Stored data START
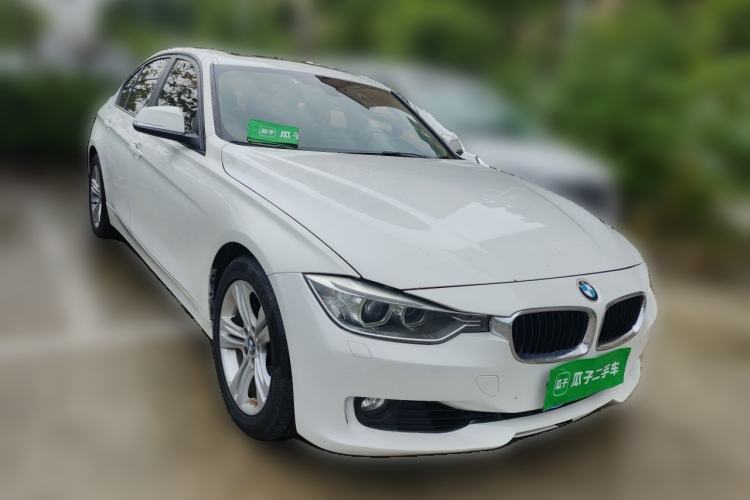 Used BMW 3 Series 2013 320i Sport Edition Front Right 45 Deg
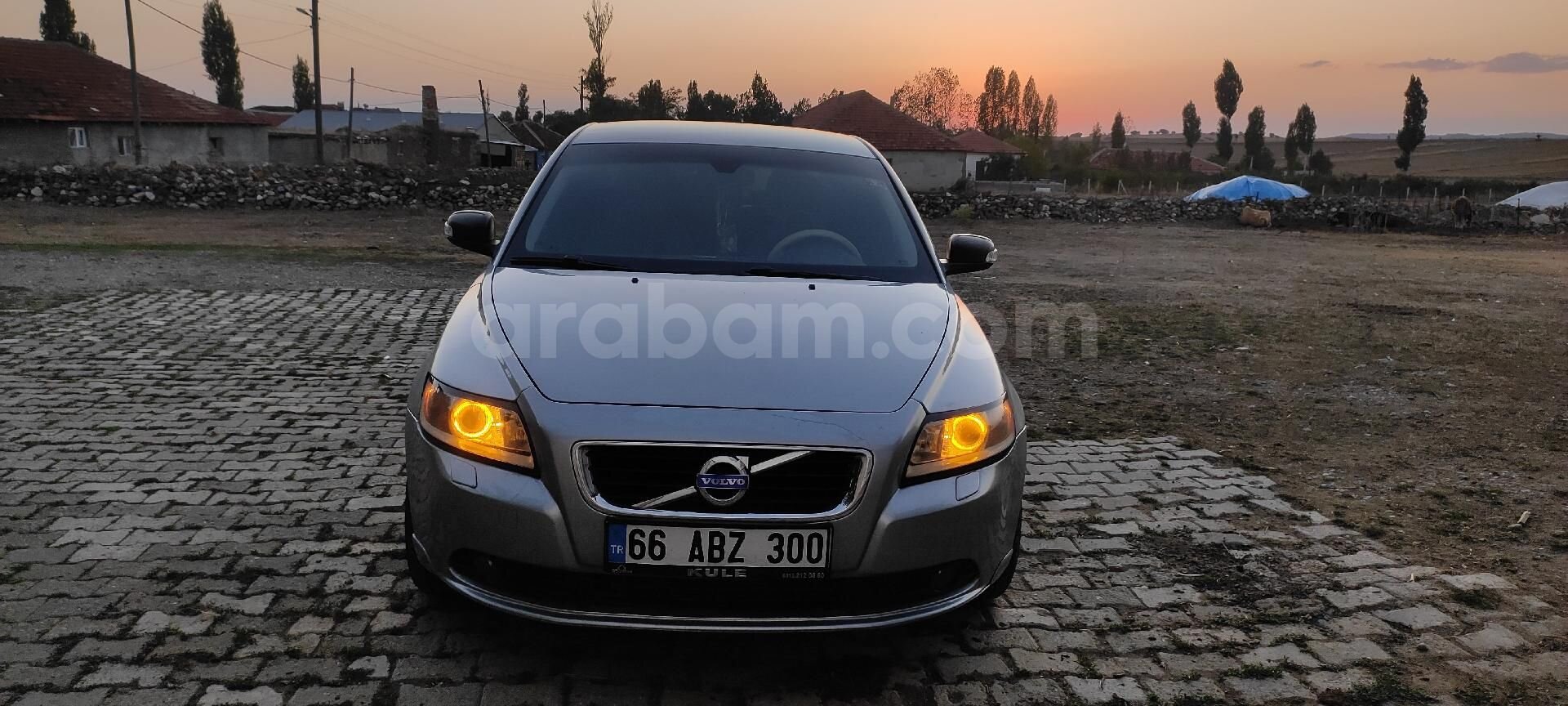 Sahibinden Volvo S40 1.6 D Dynamic 2008 Model 345.000 km Gri (metalik) 3
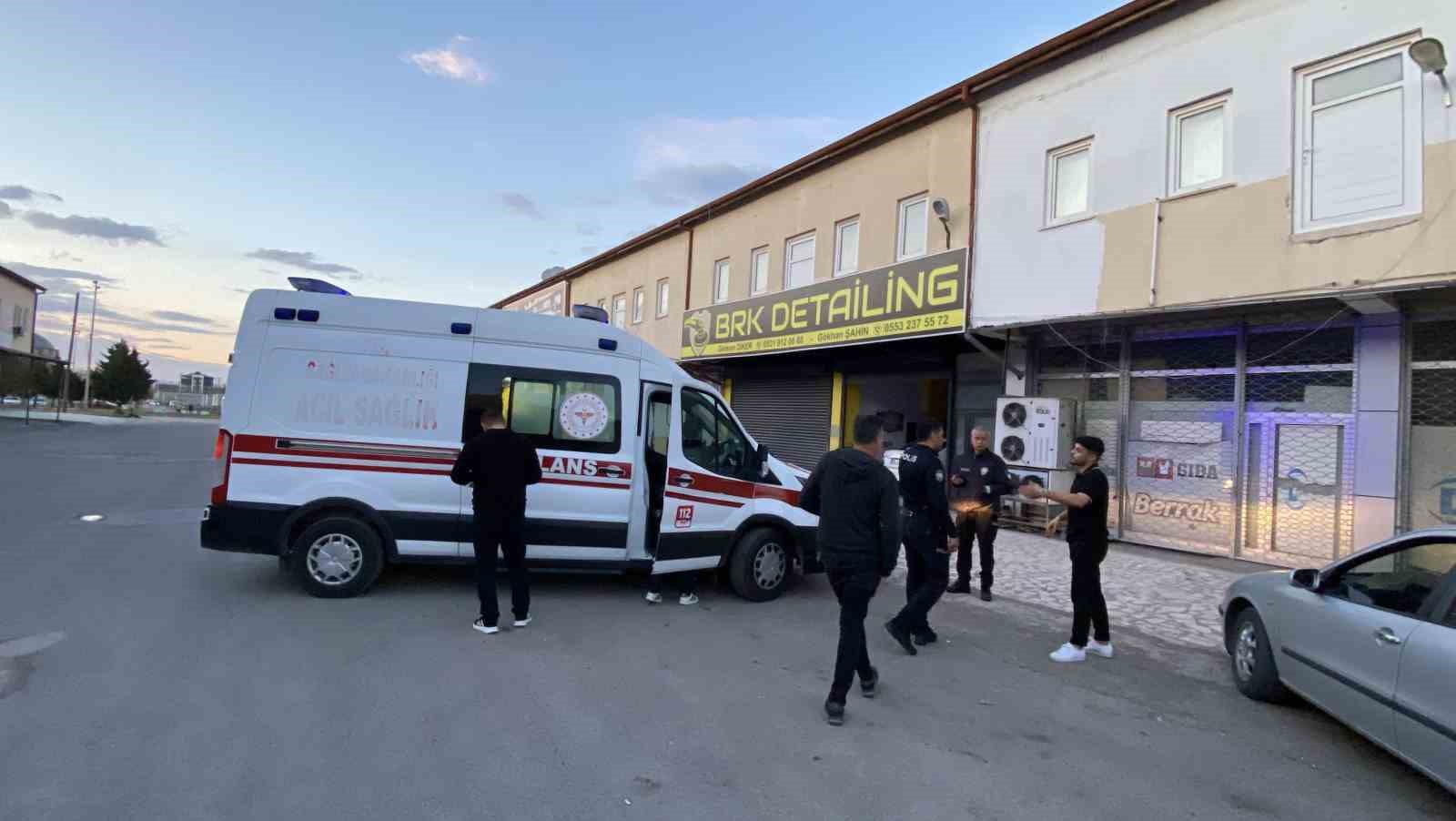 &Ouml;nce ateş a&ccedil;tılar, sonra darp edip ka&ccedil;tılar
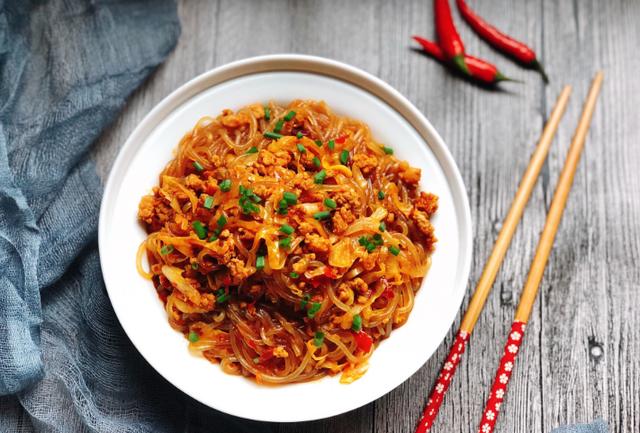 一道家常下饭菜，不仅好做还好吃，动手做起来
Stored data END
Task = Pictures stay out; everything else in the listing above gets restated word for word.

Response to the exercise =
 Used BMW 3 Series 2013 320i Sport Edition Front Right 45 Deg
 Sahibinden Volvo S40 1.6 D Dynamic 2008 Model 345.000 km Gri (metalik) 3
 &Ouml;nce ateş a&ccedil;tılar, sonra darp edip ka&ccedil;tılar
 一道家常下饭菜，不仅好做还好吃，动手做起来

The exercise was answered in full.